Lines and Shadows

Written by Sarah Bower
Review by Edward James

Lines and Shadows is set at a secret RAF base in Suffolk in the early 1960s.  The fictional base is sited on Orford Ness, named Aldeford in the book, although in ‘real life’ the Ness was a bombing range, and the air base was on the other side of the river Deben. The Ness, now a National Trust nature reserve, was used for ballistics tests in preparation for the British H-bomb tests in the Pacific.

I worked at the base, but I feel that it is legitimate literary licence for the author to re-site it, allowing her to capture the eeriness of the Ness and the great abandoned keep of Orford castle (now refurbished as a tourist attraction).  I am less comfortable about the research being portrayed as an Anglo-American project.  The Americans were distinctly unenthusiastic about Britain developing its own H-bomb. Nonetheless, the plot centres on the CIA tracking down a covert anti-nuclear activist at the base.
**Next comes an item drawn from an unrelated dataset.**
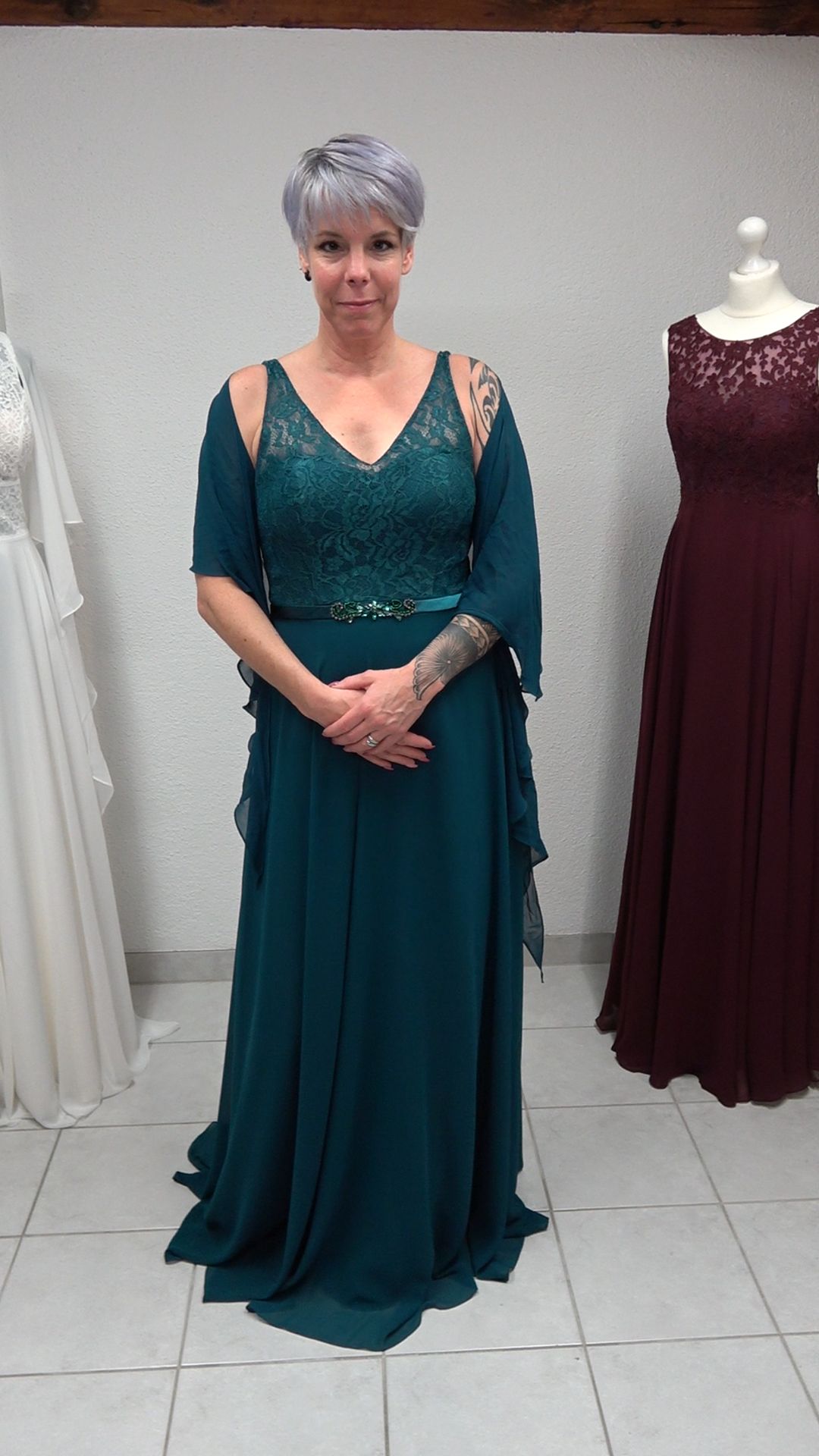 Eine Frau in einem grünen Kleid steht vor einer Schaufensterpuppe.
Not that the book is really about the Cold War.  It is principally concerned with the relationships between three young female civilian employees billeted in a cottage in the village, with a romance, a marriage and a mental breakdown, all with an element of the supernatural based on a local folk legend.  This beautifully crafted little novella so captures the otherness of the Suffolk marshes and the claustrophobia of life in a secret, isolated research unit that I only wish it had been longer.